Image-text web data
=-=-=
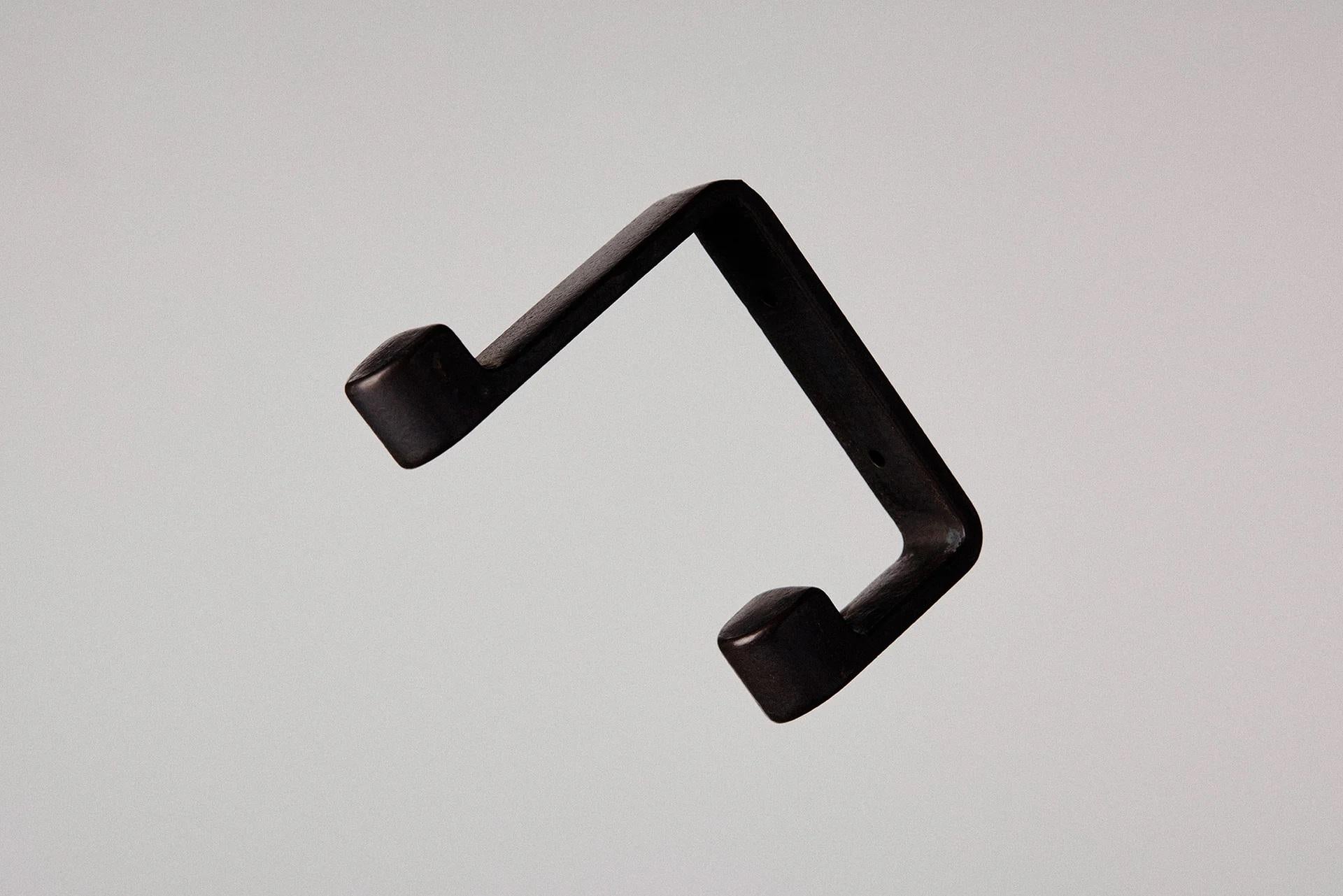 Blackened Ribbon Hook by Henry Wilson
Dimensions: W 2 x D 8 x H 12 cm
Materials: Blackened bronze.

An antidote to last-minute rummaging, the Ribbon Hook features two protruding blocks to accommodate multiple items on a single fixture – hat and
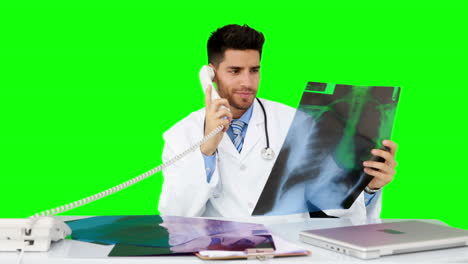 Young-doctor-working-at-his-desk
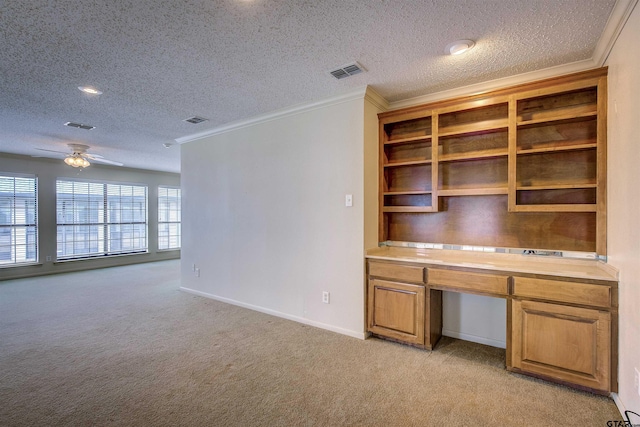 unfurnished office with built in desk, ceiling fan, a textured ceiling, crown molding, and light colored carpet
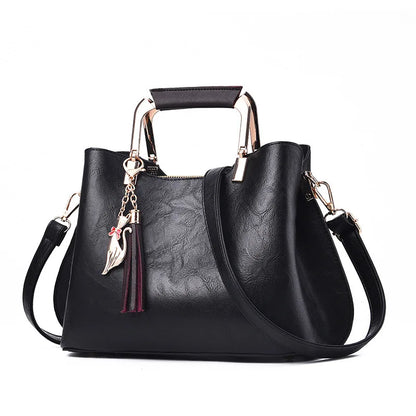 Metal Handle Tassel Satchel | Seville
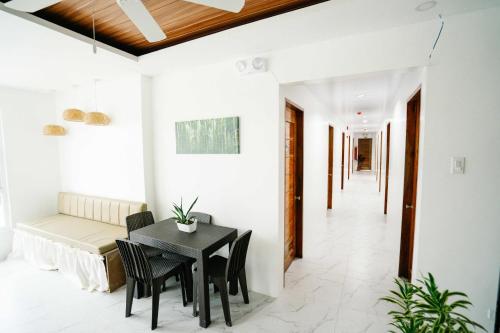 a dining room and living room with a table and chairs at MGM Tourist Inn in Tagbilaran City
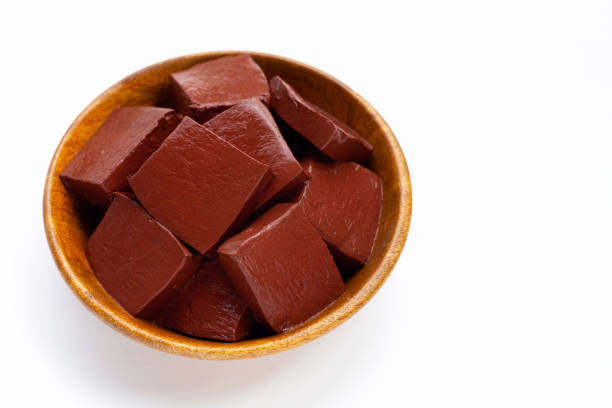 istock Pork blood pudding in wooden bowl on white background. 1340425554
=-=-=
Copy the lines above exactly and exclude every image.

The completed task:
 Blackened Ribbon Hook by Henry Wilson
Dimensions: W 2 x D 8 x H 12 cm
Materials: Blackened bronze.

An antidote to last-minute rummaging, the Ribbon Hook features two protruding blocks to accommodate multiple items on a single fixture – hat and
 Young-doctor-working-at-his-desk
 unfurnished office with built in desk, ceiling fan, a textured ceiling, crown molding, and light colored carpet
 Metal Handle Tassel Satchel | Seville
 a dining room and living room with a table and chairs at MGM Tourist Inn in Tagbilaran City
 istock Pork blood pudding in wooden bowl on white background. 1340425554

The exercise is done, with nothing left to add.